Why was the $243$-graph version of Conway's $99$-graph problem easy enough to be solved? I know that there is a thousand-dollar prize for Conway's 99-graph problem. I also know that there is a graph called the Berlekamp–Van Lint–Seidel graph that solves the 243-graph version of this problem. Why was the 243-graph problem easier than the 99-graph problem even though all the conditions for the existence of such a graph were true?
 A: Even for $99$ vertices, you can't just solve a problem like this by checking all approximately-$10^{1304}$ possible graphs to see if they satisfy the condition. Both of these cases of the problem are out of the reach of brute force.
So what do we do if we abandon brute force, because checking all graphs is hard? We can hope to find an answer that's a very nice graph with a simple and highly symmetric construction. Here, $243$ has an advantage over $99$, because $243 = 3^5$ is a high power of a small prime. We can define Berlekamp–Van Lint–Seidel graph in terms of modulo-$3$ arithmetic in $\mathbb F_3^5$. When we do this, it's so symmetric that we can check Conway's condition for it by checking it for just one pair of adjacent vertices and one pair of non-adjacent vertices.
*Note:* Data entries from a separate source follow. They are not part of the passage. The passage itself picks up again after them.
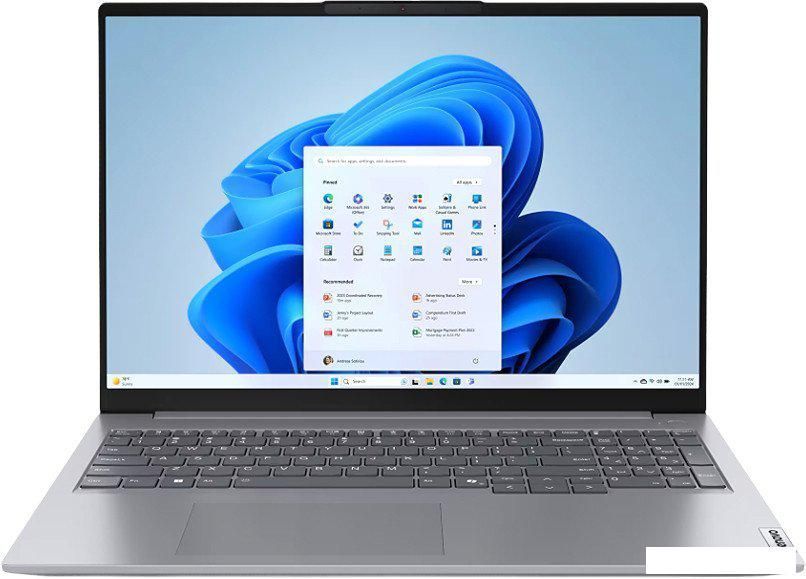 Ноутбук Lenovo ThinkBook 16 G7 IML 21MSA03HRK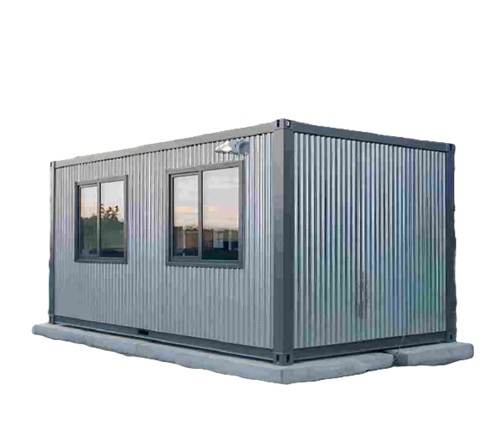 Portable Security Cabin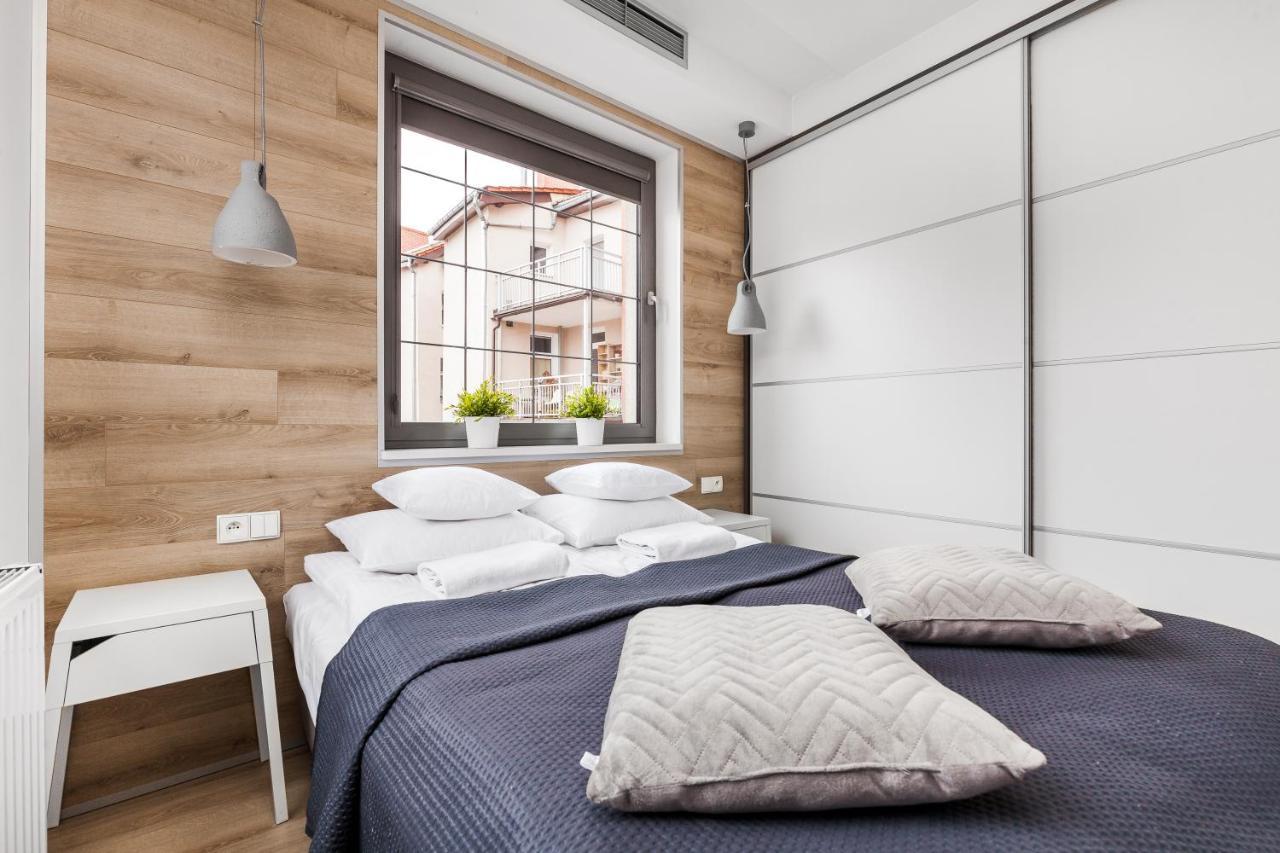 Happy Stay Tartaczna Residence II Gdańsk Eksteriør billede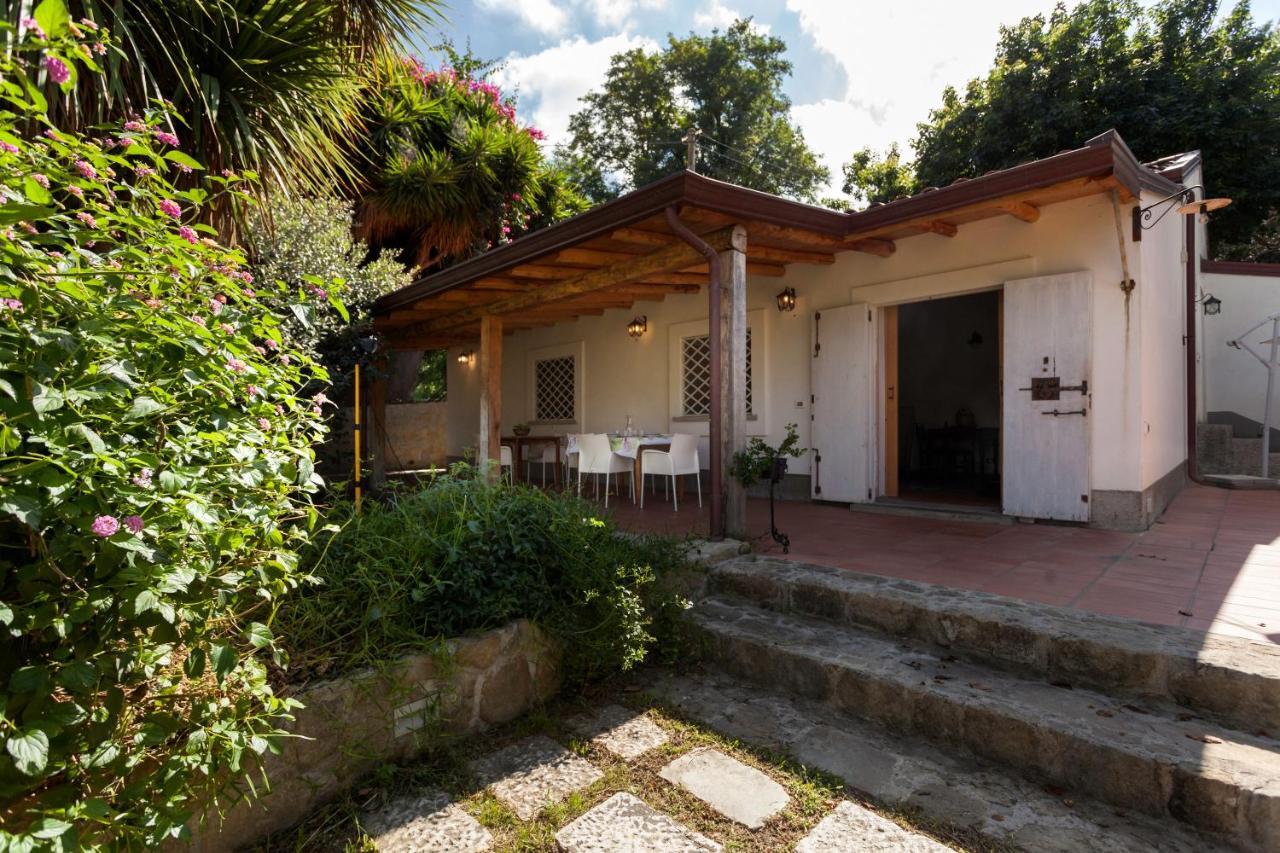 Agricontura Guest House Capri Leone Bagian luar foto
With $99$ vertices, there is no hope for an equally-nice construction. It has already been checked (by Wilbrink in 1984) that there's no vertex-transitive solution. We cannot prove that there is no $99$-vertex solution at all, because it's hard to guarantee that a weird, asymmetric, messy graph will not spontaneously happen to satisfy Conway's condition. But we also don't know where to start looking for weird, asymmetric, messy solutions.